Vu son œil de lynx, je suis allé la voir pour lui demander si elle n'avait pas vu les tortues. Elle m'a répondu que ce n'est pas ce qu'elle surveillait et qu'elle n'avait rien vu. En revanche elle m'a désigné un endroit où elles avaient l'habitude de barboter, le même que celui où nous les avions aperçues en rentrant de l'île. Je suis retourné à l'eau pour aller voir cette zone que j'avais déjà explorée, mais j'ai été sifflé avant la fin. Pour cause de fermeture du parc aquatique. 15 heures, c'est l'heure de tout remballer. Tout le personnel s'active alors comme dans une ruche, vide les poubelles, nettoie les masques utilisés, cadenasse les casiers, range les gilets de sauvetage et les espèces de flotteurs en mousse pour les japonais qui ne savaient pas nager et qui me rentraient tout le temps dedans, avançant comme une mouche sur le dos dans une choppe de bière.

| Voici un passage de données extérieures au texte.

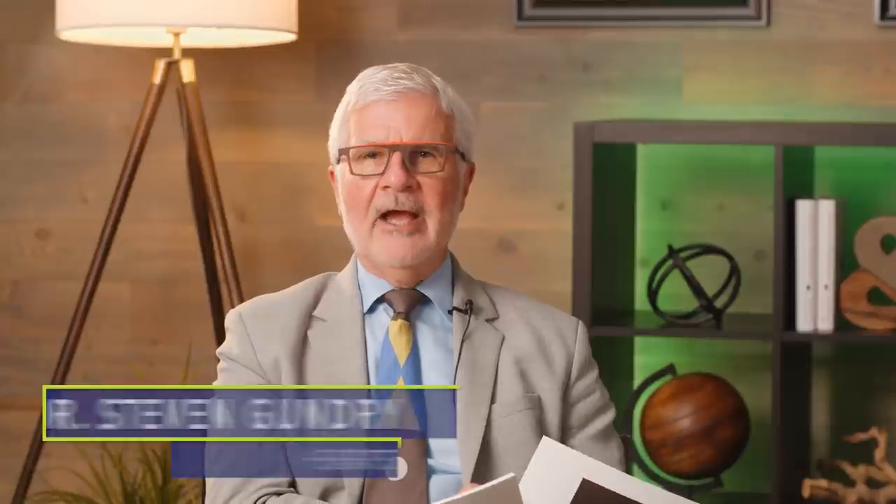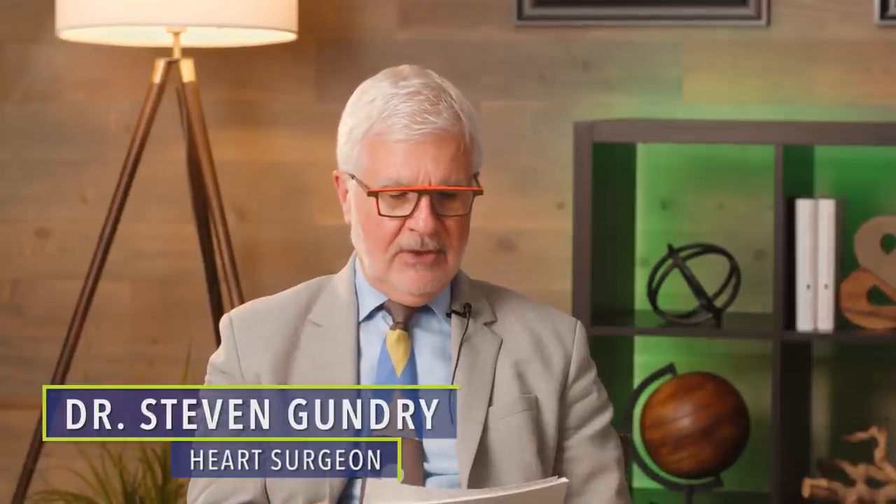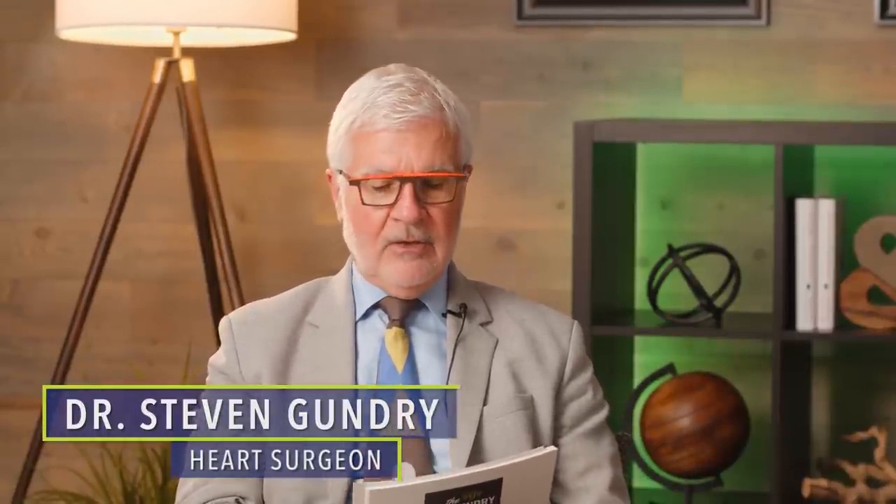Welcome to the Dr. Gundry Podcast. It's Q&A day where I take your questions from social media and Apple review comments and answer them. I just love hearing from you and your questions really inspire me. Some of these even spur me to research and include these topics in my next book. So keep them coming, folks.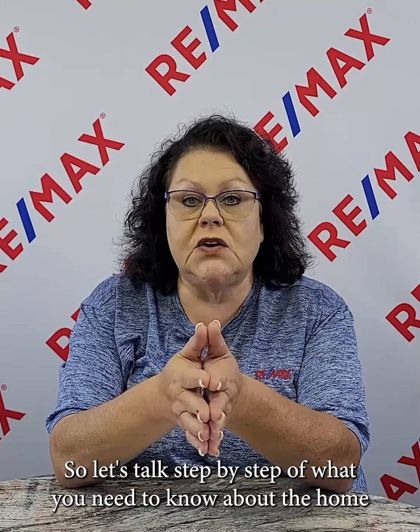Selling your home can be a very stressful process, so let's talk step by step about what you need to know about the home selling process.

Je suis sûr que Captain Cook reconnaitrait
Nous somme rentrés à la marina sur les coups de 17h30, un peu plus tard que prévu car le bateau n'a pas pu amarrer en raison de la marée exceptionnellement basse. Ils ont dû nous débarqué à l'aide des annexes. J'ai passé une très belle journée et je regrette juste le côté militaire du truc. Mais quand il y a 150 personnes à bord à gérer avec toutes les activités qu'ils proposent, j'imagine qu'on ne peut pas faire autrement. Ce soir j'ai repris la route vers Noosa pour y passer les derniers jours qui me restent, en essayant de m'en rapprocher le plus possible et de bénéficier de routes sans travaux, Seulement à vouloir aller trop loin, le temps de m'arrêter à Bundaberg acheter quelques victuailles à grignoter en guise de dîner (j'ai bien mangé à midi, ça compense), la nuit est tombée d'un coup sans que j'ai eu le temps de m'en rendre compte. C'est les tropiques, ça arrive sans crier gare, j'avais oublié. Du coup j'ai dû m'arrêter dès que j'ai pu et je me suis emmanché sur une petite route marquée « no through road » qui menait à des maisons et dont le cul de sac est vite arrivé, juste derrière un jardin où j'entendais les gens discuter et surtout encore la route. Tant pis, je n'avais pas mieux pour ce soir, c'était ça ou dormir dans le voiture. Je me suis éclipsé de la voiture sans bruit pour ne pas que les voisins m'entendent et j'ai mangé un pochon de roquette agrémenté de cheddar et de biscuits Ritz au clair de lune.